EXERCISE GOAL: In the records below, the line with "Libreria Divisorio Rovere" opens the range and the line with "葛飾北斎「桔梗に蜻蛉」　アダチ版画 Katsushika Hokusai（葛飾北斎）" closes it; print that range exactly and nothing else.

DATA TO EXAMINE:

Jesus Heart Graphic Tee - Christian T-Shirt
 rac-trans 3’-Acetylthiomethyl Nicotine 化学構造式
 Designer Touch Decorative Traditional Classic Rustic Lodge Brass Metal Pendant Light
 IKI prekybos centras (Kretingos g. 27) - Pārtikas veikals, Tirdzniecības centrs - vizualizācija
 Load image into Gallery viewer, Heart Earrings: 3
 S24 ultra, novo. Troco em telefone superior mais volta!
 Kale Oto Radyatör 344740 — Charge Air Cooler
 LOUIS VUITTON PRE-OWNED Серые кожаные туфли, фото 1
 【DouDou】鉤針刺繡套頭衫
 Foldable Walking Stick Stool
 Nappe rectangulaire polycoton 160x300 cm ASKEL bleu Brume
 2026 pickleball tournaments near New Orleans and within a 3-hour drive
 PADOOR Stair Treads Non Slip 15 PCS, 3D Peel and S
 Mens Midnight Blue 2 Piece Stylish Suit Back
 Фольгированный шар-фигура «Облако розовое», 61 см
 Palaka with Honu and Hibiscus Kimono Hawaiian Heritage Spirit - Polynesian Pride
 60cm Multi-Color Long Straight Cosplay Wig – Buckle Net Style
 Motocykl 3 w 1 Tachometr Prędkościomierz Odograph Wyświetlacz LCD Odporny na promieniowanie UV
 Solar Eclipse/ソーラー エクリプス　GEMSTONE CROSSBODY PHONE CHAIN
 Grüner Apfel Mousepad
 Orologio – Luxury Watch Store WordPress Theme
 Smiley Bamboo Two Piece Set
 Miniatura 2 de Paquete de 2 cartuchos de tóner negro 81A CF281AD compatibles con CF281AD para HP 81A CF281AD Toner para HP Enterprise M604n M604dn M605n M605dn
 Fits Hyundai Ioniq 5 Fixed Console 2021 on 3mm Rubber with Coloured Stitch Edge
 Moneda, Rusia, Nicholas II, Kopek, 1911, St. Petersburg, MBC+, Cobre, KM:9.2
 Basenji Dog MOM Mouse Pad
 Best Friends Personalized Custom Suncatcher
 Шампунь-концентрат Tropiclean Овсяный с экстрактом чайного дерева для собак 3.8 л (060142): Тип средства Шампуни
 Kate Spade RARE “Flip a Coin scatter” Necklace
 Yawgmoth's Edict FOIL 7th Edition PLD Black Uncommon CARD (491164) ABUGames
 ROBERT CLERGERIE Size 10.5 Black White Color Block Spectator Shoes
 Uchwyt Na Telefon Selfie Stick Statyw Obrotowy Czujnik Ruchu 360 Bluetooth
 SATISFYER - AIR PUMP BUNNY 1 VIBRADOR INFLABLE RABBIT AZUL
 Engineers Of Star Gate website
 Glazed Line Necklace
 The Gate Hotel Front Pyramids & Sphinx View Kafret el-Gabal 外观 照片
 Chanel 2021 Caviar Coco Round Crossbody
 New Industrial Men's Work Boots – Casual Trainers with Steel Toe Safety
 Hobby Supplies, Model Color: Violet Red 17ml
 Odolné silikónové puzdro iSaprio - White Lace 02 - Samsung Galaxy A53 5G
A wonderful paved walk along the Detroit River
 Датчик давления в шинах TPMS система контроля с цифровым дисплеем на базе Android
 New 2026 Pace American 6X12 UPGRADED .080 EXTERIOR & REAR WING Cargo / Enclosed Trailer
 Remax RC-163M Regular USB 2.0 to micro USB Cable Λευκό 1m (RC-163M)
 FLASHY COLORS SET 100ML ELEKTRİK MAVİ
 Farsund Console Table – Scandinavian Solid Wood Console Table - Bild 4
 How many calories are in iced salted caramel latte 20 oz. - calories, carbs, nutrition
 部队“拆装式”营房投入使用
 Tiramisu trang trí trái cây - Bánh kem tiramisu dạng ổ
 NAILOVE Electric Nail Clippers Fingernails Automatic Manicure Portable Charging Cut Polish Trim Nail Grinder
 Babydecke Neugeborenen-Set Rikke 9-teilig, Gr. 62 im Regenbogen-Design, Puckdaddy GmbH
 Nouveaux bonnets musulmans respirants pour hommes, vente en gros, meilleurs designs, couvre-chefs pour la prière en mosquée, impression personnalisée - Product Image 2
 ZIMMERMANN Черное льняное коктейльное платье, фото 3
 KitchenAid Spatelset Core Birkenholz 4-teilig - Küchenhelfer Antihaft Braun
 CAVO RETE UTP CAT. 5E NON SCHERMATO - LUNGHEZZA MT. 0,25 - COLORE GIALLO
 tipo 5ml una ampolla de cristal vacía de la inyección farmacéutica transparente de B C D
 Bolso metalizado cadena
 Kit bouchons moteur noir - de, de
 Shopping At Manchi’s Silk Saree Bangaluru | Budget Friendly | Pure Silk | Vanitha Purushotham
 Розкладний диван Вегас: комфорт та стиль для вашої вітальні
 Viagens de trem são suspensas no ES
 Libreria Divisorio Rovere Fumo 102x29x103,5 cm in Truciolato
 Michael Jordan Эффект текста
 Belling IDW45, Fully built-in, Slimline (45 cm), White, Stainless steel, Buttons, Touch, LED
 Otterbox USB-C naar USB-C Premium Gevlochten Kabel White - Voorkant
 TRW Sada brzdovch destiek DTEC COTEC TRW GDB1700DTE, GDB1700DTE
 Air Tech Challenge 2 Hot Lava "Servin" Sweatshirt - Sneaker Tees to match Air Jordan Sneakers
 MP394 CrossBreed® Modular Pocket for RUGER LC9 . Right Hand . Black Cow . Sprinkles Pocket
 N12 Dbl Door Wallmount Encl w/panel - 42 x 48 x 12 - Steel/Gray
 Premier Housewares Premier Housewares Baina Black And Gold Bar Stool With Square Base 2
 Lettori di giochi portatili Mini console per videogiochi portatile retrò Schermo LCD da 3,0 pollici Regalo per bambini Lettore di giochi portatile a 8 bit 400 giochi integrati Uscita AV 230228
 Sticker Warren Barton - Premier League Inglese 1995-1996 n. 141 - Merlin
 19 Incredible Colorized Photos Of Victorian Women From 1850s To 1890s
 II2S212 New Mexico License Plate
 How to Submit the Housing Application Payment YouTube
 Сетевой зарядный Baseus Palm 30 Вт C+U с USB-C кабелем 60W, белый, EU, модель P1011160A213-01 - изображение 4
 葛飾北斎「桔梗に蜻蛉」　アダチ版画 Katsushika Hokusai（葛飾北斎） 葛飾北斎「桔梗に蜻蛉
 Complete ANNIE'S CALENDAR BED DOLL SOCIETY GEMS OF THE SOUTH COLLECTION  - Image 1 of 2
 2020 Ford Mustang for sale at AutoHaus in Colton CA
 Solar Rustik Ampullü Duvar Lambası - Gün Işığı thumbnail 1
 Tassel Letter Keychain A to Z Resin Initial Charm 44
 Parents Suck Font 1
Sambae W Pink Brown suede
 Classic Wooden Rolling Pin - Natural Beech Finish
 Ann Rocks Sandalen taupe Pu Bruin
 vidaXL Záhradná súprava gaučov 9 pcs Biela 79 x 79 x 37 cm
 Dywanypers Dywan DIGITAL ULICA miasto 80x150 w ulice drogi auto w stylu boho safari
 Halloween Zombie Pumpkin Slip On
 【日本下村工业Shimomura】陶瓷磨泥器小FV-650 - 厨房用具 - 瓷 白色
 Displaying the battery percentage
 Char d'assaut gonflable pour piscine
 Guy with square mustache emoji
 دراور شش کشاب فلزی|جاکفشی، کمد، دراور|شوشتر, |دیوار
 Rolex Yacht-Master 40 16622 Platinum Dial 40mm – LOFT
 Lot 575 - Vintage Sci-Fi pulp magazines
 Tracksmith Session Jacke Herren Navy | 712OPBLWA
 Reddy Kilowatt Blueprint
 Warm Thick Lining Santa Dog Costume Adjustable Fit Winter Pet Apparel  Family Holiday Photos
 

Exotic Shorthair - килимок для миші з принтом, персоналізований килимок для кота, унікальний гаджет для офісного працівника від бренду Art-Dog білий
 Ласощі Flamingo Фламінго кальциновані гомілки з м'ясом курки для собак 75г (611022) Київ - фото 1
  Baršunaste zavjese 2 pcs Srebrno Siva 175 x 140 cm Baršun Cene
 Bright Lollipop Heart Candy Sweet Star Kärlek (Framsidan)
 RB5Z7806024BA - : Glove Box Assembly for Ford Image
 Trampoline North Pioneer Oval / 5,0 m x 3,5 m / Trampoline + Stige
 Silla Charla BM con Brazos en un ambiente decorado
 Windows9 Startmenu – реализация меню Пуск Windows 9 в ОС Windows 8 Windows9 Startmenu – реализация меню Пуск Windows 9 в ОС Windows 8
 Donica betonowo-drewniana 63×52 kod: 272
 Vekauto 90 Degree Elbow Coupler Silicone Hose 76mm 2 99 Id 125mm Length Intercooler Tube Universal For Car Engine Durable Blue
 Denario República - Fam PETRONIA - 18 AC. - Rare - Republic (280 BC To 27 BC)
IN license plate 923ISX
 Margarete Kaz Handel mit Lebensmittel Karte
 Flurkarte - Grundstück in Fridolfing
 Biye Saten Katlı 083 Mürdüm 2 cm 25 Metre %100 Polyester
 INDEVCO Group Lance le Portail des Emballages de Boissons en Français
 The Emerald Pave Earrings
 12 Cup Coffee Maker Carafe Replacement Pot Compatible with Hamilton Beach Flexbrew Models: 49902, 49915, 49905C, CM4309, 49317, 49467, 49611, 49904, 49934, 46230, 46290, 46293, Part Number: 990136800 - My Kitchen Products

RESPONSE:
 Libreria Divisorio Rovere Fumo 102x29x103,5 cm in Truciolato
 Michael Jordan Эффект текста
 Belling IDW45, Fully built-in, Slimline (45 cm), White, Stainless steel, Buttons, Touch, LED
 Otterbox USB-C naar USB-C Premium Gevlochten Kabel White - Voorkant
 TRW Sada brzdovch destiek DTEC COTEC TRW GDB1700DTE, GDB1700DTE
 Air Tech Challenge 2 Hot Lava "Servin" Sweatshirt - Sneaker Tees to match Air Jordan Sneakers
 MP394 CrossBreed® Modular Pocket for RUGER LC9 . Right Hand . Black Cow . Sprinkles Pocket
 N12 Dbl Door Wallmount Encl w/panel - 42 x 48 x 12 - Steel/Gray
 Premier Housewares Premier Housewares Baina Black And Gold Bar Stool With Square Base 2
 Lettori di giochi portatili Mini console per videogiochi portatile retrò Schermo LCD da 3,0 pollici Regalo per bambini Lettore di giochi portatile a 8 bit 400 giochi integrati Uscita AV 230228
 Sticker Warren Barton - Premier League Inglese 1995-1996 n. 141 - Merlin
 19 Incredible Colorized Photos Of Victorian Women From 1850s To 1890s
 II2S212 New Mexico License Plate
 How to Submit the Housing Application Payment YouTube
 Сетевой зарядный Baseus Palm 30 Вт C+U с USB-C кабелем 60W, белый, EU, модель P1011160A213-01 - изображение 4
 葛飾北斎「桔梗に蜻蛉」　アダチ版画 Katsushika Hokusai（葛飾北斎） 葛飾北斎「桔梗に蜻蛉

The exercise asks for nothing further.